CHP'de konuyla ilgili yetkililerin açıklamasına göre "renksiz kampanya", kararı verilmesinin nedeni Kahramanmaraş merkezli ikiz deprem.

Diken'in kulis haberine göre kararsız seçmenin hedefleneceği bu kampanyada "tarafsızlık" vurgusu öne çıkarılacak.

Habere göre mitingler ikinci planda olacak, vatandaşlarla yakın temas tercih edilecekmiş.

Millet İttifakı üyesi altı partinin liderleri, miting düzenlenecek kentlerin sosyolojisine göre Kemal Kılıçdaroğlu ile birlikte, düzenlenecek "az sayıda" mitingle seçmenin karşısına çıkacakmış.
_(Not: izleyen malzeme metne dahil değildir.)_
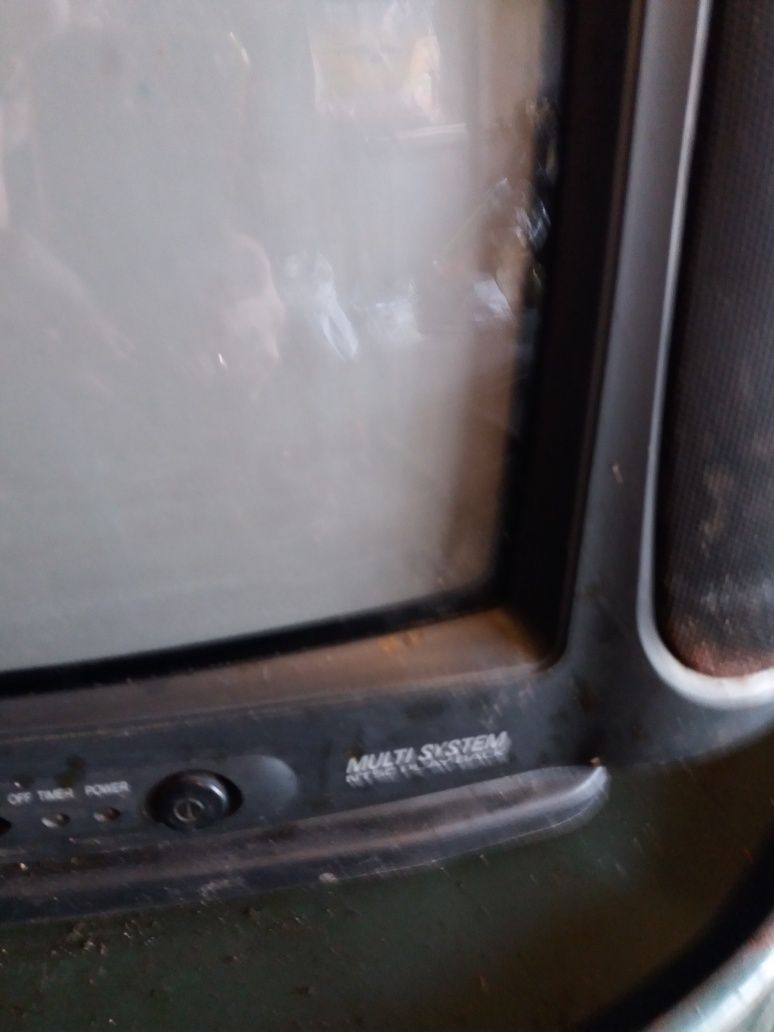 Телевизор AIWA иSONY рабочем состоянии JVC  не рабочий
Kampanyanın "renksiz" olmasına kim, nasıl karar verdi bilmiyorum ama doğru bir karar olmadığını söyleyebilirim.

Birincisi "renkli mitingler", depremden zarar gören, yakınlarını kaybeden, kalıcı sakatlıklarla malul olan vatandaşlarımızın acılarını yaşamamıza, hissetmemize neden engel olsun?
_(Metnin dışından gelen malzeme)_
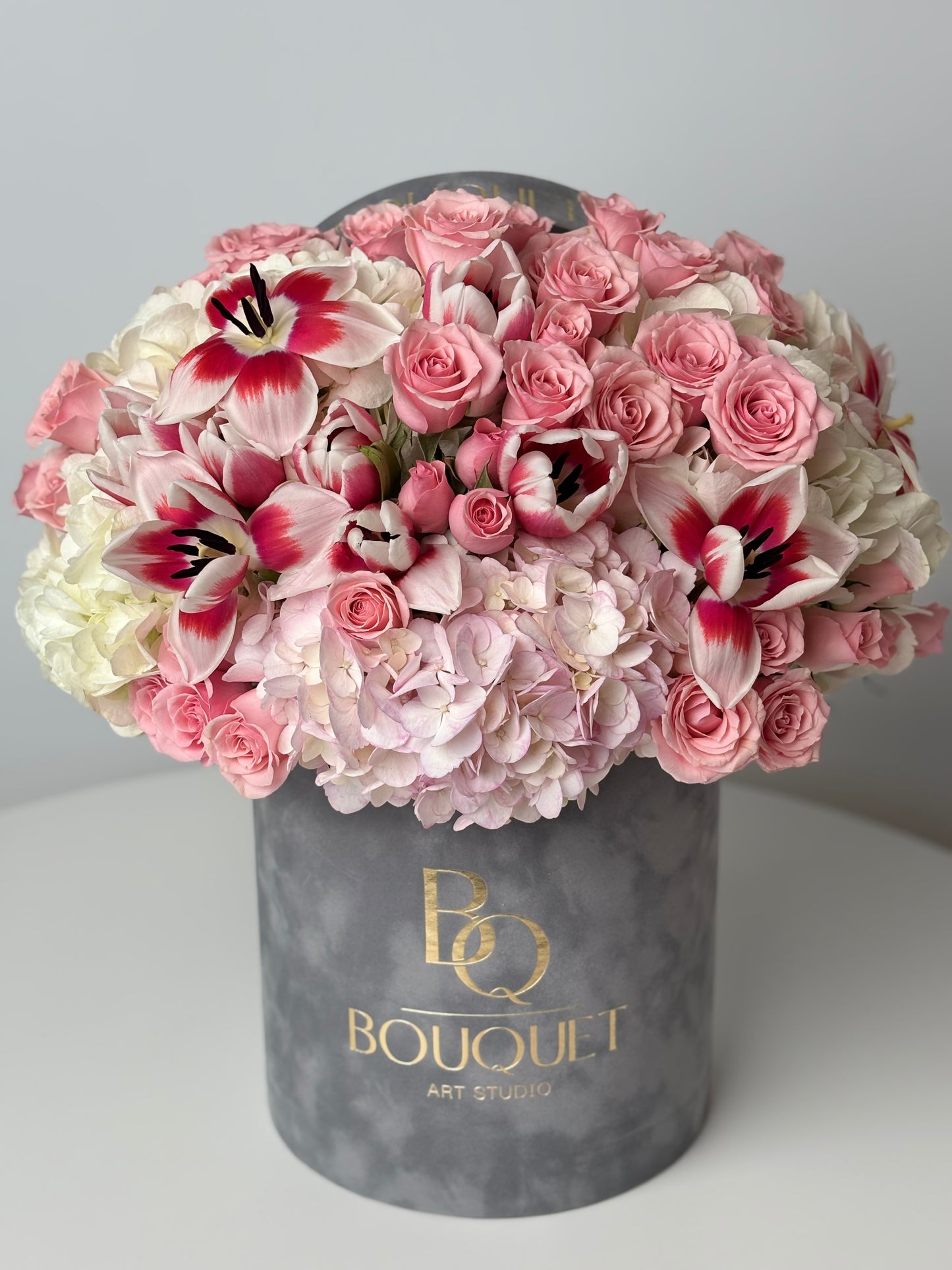 PINK ROSES, WHITE HYDRANGEA & RED-WHITE LILIES IN LUXURY HAT BOX | BQ BOUQUET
Çünkü her şeyden önce, miting adını verdiğimiz siyasal propaganda aracı bir eğlence biçimi değil.

Miting, seçmenden oy isteyen adayın ya da partinin ismi etrafında bir heyecan dalgası yaratmayı hedefler.
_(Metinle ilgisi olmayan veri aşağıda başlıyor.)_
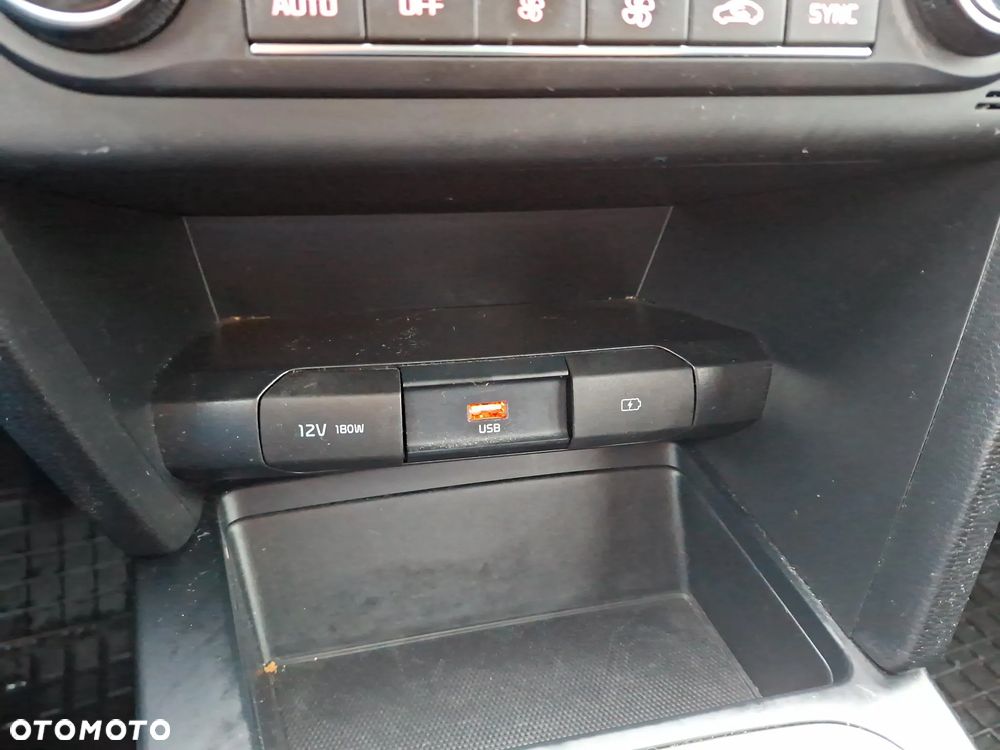 Kia Ceed 1.4 T-GDI M - 25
Bu heyecanın miting meydanlarından dalga dalga sokaklara, evlere ve nihayet kentlere, bütün ülkeye yayılması hedeflenir ki seçim saatine kadar seçmen diri kalsın, seçimde oy kullanacağı anı iple çeksin ve sabah da ilk iş koşup, oyunu kullansın.

Meydanları, sokakları donatacak bayraklar, kent halkının afişlerle, gezici propaganda birimleriyle miting alanına çağrılması, marşlar, şarkılar, sloganlar, izleyicilere dağıtılacak pankartlar vs. ihtiyaç duyulan bu heyecanı yaratmak için kullanılır.

Böyle bir heyecanı seçmenine geçiremeyen lideri ya da partiyi bekleyen şey hüsrandır.

Öte yandan bizim siyasal geleneğimizde seçim öncesi kentlerde, kasabalarda düzenlenen mitinglerin tek izleyicileri de zaten oy vermeye kararlı kitleler değildir.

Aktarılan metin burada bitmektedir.